Tribune Business Editor

nhartnell@tribunemedia.net

Galleria Cinemas has won permission to appeal a judgment, which its attorney says threatens to “stagnate” the Bahamian creative economy, to the London-based Privy Council.

Gregory Moss told Tribune Business that the cinema operator’s 18-year battle with the Performing Rights Society (PRS) was “a very important case” for the development of all artistic “genres” and determining what the Copyright Act’s provisions really mean.

The former MP said the Court of Appeal verdict in favour of the PRS, which overturned an earlier Supreme Court verdict that found for Galleria, threatened to create an unworkable scenario where artists had to be compensated at every turn - even if just a small piece of their work was used - by their counterparts in a later, original creation.

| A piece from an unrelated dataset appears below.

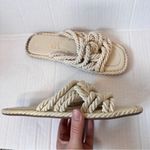 ZARA Beige Rope Knot Slip On Sandals Slides Womens 9 Beachy Nautical Shoes Photo 5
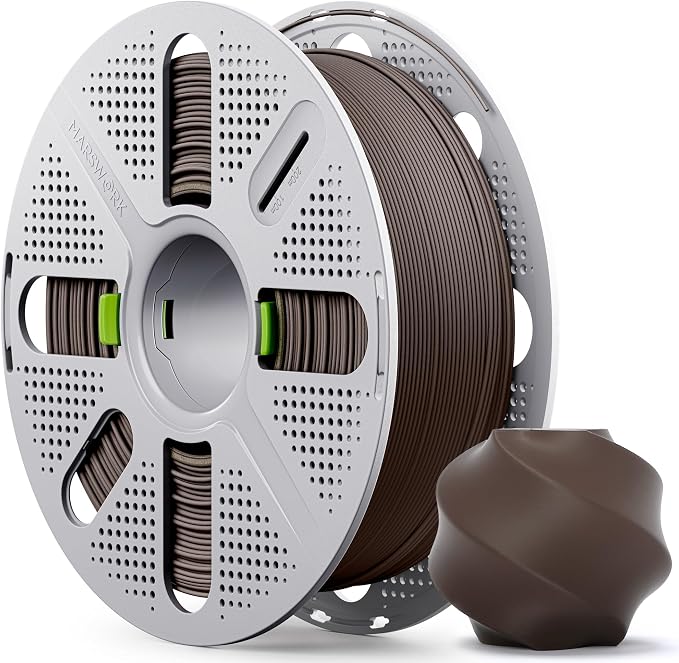 Matte Dark Chocolate PLA Filament with Quick-Swap Reusable Spool 1kg (2.2lbs), 1.75mm 3D Printing Filament, Compatible with Bambu Lab 3D Printers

Mr Moss said he had “absolute confidence in the outcome” of the case, and expressed belief that the UK-based Privy Council, the highest court in the Bahamian judicial system, will “set it right” and reinstate the first verdict by Supreme Court justice, Ian Winder.

“We’ve been fighting this case now for 18 years, and we were very pleased to have the judgment of Justice Ian Winder a year-and-a-half ago when he agreed with our position, but the Court of Appeal reversed him.

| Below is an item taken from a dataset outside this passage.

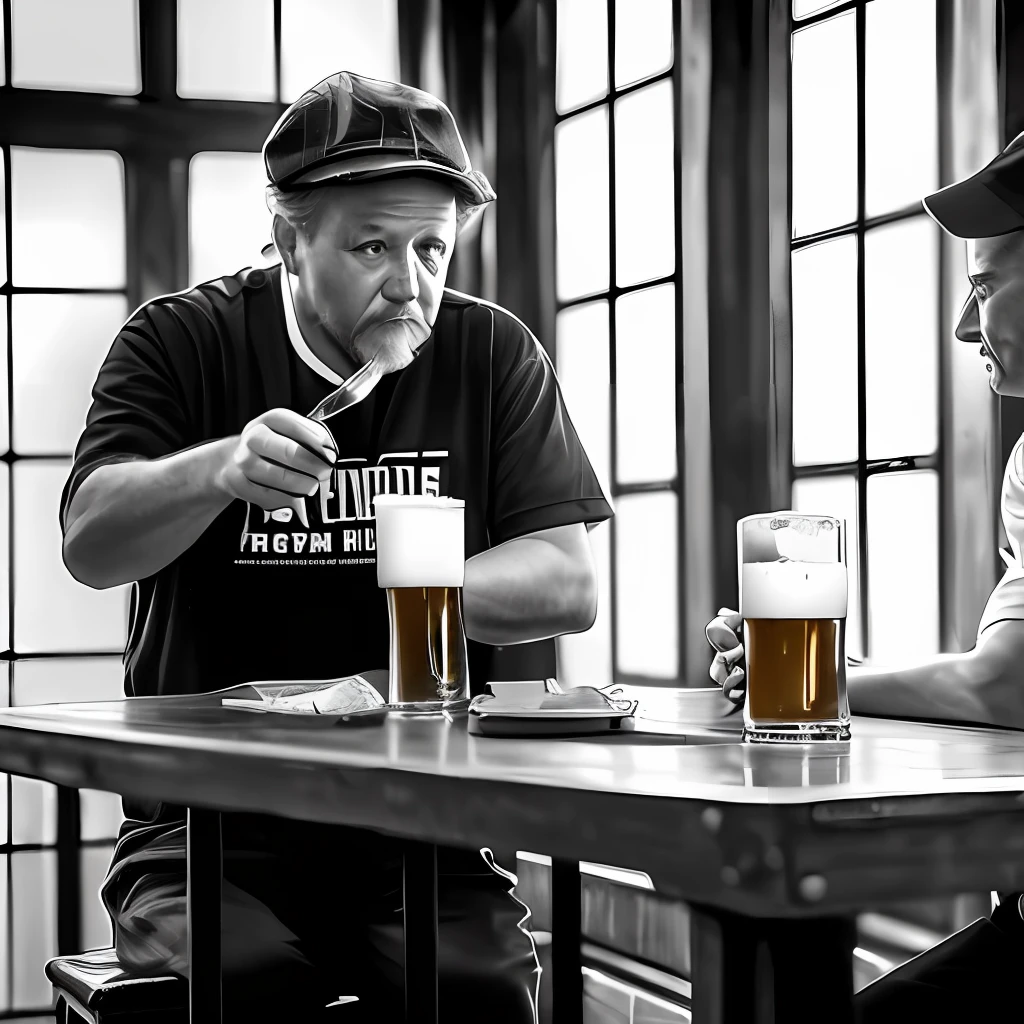 (masterpiece),(best quality),extremely detailed CG unity 8k wallpaper,depth of field,huge filesize,ultra-detailed,extremely_detailed_eyes_and_face,cinematic lighting,best illustration,((beer advert)),(two workers:1.5), rough skin,((drinking beer),) ,age 50,coal dust,steam engine,hyper realistic,Photograph,worker,working class pub, black eye,((black-white)),full body,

“We were able to convince the Court of Appeal that we have the right to appeal to the Privy Council, and are quite confident the Privy Council will prefer the verdict of Justice Winder on this. I have absolute confidence in the outcome of the case. I think the judgment of Justice Winder properly reflected the law. We’re satisfied the Privy Council will set it right and reinstate his judgment.”

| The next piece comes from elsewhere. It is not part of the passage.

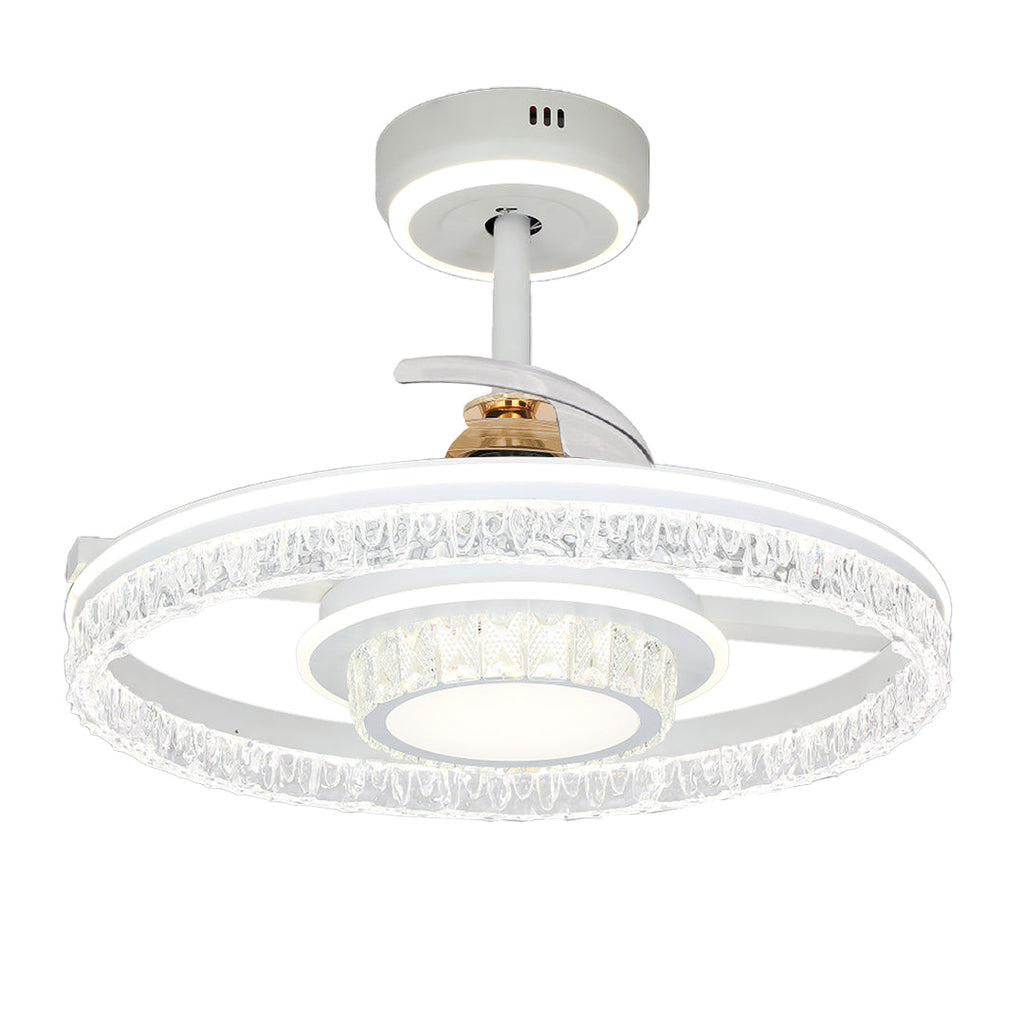 White Aluminum Nordic Ceiling Fan with Round Light for Modern Homes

Copyright is intended to protect inventors and creators by preventing their works, in any form, from being copied or used without permission. Strong laws and regulations in this area are critical to developing not only the cultural/artistic economy but also if the Bahamas is to attract innovative industries based on research and development, such as the technology sector.

Trade-Related Intellectual Property Rights, or TRIPS, are also a key component in rules-based trading regimes, and will assume critical importance as the Bahamas moves to become a full World Trade Organisation (WTO) member by mid-2020. The Government has sought feedback on numerous intellectual property rights upgrades, and their accompanying regulations.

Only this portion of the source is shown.